Un recours ayant été déposé auprès de la Cour de Karlsruhe contre le traité de Lisbonne, le président de la République fédérale allemande a, lui aussi, suspendu sa signature.
Les juristes tchèques viennent de lever un nouveau lièvre. Le vote de la chambre basse du Parlement tchèque et le recours dont il fait l’objet auprès de la Cour suprême de Prague portait sur une traduction «non officiel du traité». Les autorités italiennes, «archivistes» des traités européens, ayant omis de transmettre le traité dans sa version tchèque officielle au gouvernement de Prague, la Cour suprême pourrait refuser de statuer sur la demande d’avis du Sénat, puisque la Constitution lui impose de ne se prononcer que sur des textes officiels de droit primaire. C’est l’ensemble de la procédure de ratification qui pourrait ainsi être remise en cause. D’autres pays pourraient se trouver dans la même situation, en particulier la Hongrie dont le Parlement a voté quelques jours à peine après la signature du traité à Lisbonne, visiblement sans document officiel consolidé en langue Magyar.

Monsieur B.

Source: La lettre de l’Indépendance no 48, juillet 2008



«Le Non irlandais doit être respecté!»

Le ministre irlandais des Affaires étrangères Michael Martin a rappelé, lors d’une réunion des mi­nistres des Affaires étrangères de l’UE, à Luxembourg le 16 juin, que le Non au référendum du 12 juin était «une décision démocratique du peuple irlandais», ajoutant qu’il était «encore beaucoup trop tôt» pour «commencer à proposer des solutions». De son côté, le président des juristes européens, Jean-Luc Sauron, donne raison à Gerry Adams, président du Sinn Féin («C’est la fin du traité de Lisbonne») et au président de la République tchèque, Vaclav Klaus («Le processus de ratificatin est fini»): «Il est en effet difficile juridiquement de leur donner tort (…); la nature ayant horreur du vide, c’est le statu quo qui devrait s’appliquer à l’Union, en clair, le traité de Nice, signé en 2001 (…); Je ne vois pas au nom de quoi on pourrait exiger des Irlandais qu’ils revotent, Français et Néerlandais n’ayant pas revoté.»
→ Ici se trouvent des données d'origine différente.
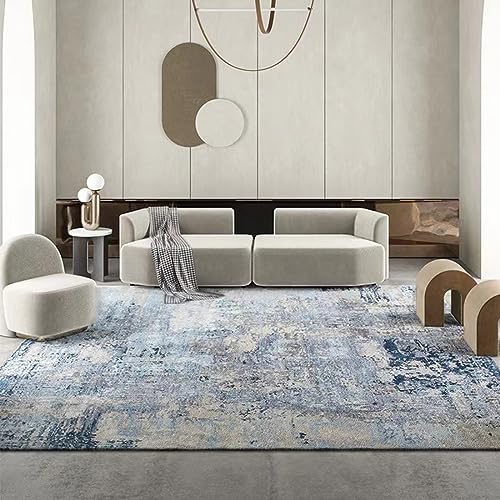 Rug-QJDDUP Kurzflor Teppich,Blau Grau Abstraktes Muster Art Deco, Teppiche Wohnzimmer Esszimmer, Schlafzimmer Kinderzimmer, Fußbodenheizung geeignet,Blue,140 x 180 cm von Rug-QJDDUP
Les Français contre le traité de Lisbonne

Le quotidien «Sud-Ouest» a eu la bonne idée de demander à l’IFOP (Institut français d’opinion publique) de procéder à un sondage sur ce qu’aurait été le vote des Français si le traité européen de Lisbonne avait été soumis au référendum. Le Non l’emporterait par 53% (33% s’abstenant). Ce sondage traduit, selon l’IFOP, «la persistance d’un euro-sceptisme dans l’hexagone et montre que le clivage de 2005 perdure»: 72% des ouvriers, 63% des employés, 56% dans ruraux voteraient contre.
A rapprocher du sondage publié dans Métro (L’Indépendance no 47) mentionnant un rejet à 61%; en fait le Non l’emporterait beaucoup plus nettement, après une campagne et un vrai débat explicatif sur le traité de Lisbonne.

Les deux visages de François Fillon

François Fillon, Premier ministre français, a déclaré le 12 juin dernier: «Si le Non l’emporte en Irlande, le traité de Lisbonne n’existera plus» et, cinq jours plus tard, le 17 juin: «Le processus de ratification du traité de Lisbonne va se poursuivre, malgré le Non irlandais».